Washington Woman Survives 200 Splinters After 27-Foot Poles Smash Windshield
A Washington State woman who felt like she "was chewing glass" and had 200 splinters removed from her head now says she "feels great" after a bundle of 27-foot wooden poles from a truck smashed through her windshield when she rear-ended the vehicle.
Erin Burns, 36, said doctors removed 200 wood fragments and sewed stitches along the side of her head and the more severe wound in front, where her brain was pushed back in her skull. A bone from her hip was used to patch it up. The shredded chunk of pole didn't make it through to her brain.
Burns said she "feels great." Her mother, Janet O'Mara, is grateful beyond words. "She's going to come out of this OK," O'Mara said. "And we're so grateful, so thankful."
Burns believes she has been given a second chance at life. "I still have this opportunity to live my life," she said. "And I do plan to live it every single day."
More than anything, Burns says, she's thankful her kids weren't in the backseat at the time.
Burns is being called a walking, talking miracle after the accident that occurred two weeks ago when she was out shopping for a child's birthday present and a truck in front of her suddenly stopped, and she didn't. The poles then came crashing straight into the Deming, Wash., woman's windshield and out the car's back window, leaving her with wood fragments in her head but apparently no brain damage.

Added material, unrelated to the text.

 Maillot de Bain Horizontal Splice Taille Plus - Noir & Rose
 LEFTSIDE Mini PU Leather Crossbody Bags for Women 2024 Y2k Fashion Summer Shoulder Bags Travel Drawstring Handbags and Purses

"The first memory I have is I feel like I woke up and I was chewing glass," she said.
Burns says she doesn't remember, but figures she must have somehow flinched and turned her head at exactly the right angle. Police said that they were imagining that there was no way the driver made it out alive.
"I'd say she was extremely lucky, and she's here and she's alive and I think that's what counts," Washington State Patrol Trooper Bob Wilson said.